__AIM OF THE TASK__.
Look through the lines below for the word "bedroom", and copy every line that has it.

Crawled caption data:
==*==

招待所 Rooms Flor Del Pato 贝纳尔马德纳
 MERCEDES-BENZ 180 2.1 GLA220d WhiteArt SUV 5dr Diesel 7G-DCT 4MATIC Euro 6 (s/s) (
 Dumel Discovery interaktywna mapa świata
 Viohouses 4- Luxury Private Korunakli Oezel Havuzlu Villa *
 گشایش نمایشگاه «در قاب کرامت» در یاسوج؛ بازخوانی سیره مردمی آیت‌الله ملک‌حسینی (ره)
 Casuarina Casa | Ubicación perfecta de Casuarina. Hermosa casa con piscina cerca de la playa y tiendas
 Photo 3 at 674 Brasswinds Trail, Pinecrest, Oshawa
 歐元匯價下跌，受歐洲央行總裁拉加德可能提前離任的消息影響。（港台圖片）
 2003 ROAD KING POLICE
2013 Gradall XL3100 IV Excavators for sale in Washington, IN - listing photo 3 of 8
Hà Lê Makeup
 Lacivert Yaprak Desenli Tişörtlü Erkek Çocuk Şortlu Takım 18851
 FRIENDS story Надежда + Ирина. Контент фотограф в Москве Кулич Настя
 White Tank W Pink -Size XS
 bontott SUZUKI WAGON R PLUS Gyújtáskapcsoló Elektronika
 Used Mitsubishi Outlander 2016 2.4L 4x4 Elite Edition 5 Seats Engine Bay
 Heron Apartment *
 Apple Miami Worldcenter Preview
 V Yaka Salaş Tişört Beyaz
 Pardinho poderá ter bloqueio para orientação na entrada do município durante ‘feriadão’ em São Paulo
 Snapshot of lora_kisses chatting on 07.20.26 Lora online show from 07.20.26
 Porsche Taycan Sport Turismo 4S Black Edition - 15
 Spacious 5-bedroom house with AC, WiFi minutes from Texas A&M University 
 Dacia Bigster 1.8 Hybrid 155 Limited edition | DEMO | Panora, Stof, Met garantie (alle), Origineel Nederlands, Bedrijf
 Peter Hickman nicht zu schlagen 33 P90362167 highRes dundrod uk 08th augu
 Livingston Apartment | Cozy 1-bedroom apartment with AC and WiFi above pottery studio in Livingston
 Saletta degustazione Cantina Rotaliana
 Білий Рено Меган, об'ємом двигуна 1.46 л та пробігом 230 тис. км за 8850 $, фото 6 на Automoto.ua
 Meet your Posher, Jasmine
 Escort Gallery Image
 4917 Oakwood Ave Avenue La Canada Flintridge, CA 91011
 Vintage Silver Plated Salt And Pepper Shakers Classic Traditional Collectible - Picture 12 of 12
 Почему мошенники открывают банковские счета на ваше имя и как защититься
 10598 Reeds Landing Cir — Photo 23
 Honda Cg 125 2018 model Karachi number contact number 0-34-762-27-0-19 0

==*==

__EXPECTED OUTPUT__.
 Spacious 5-bedroom house with AC, WiFi minutes from Texas A&M University 
 Livingston Apartment | Cozy 1-bedroom apartment with AC and WiFi above pottery studio in Livingston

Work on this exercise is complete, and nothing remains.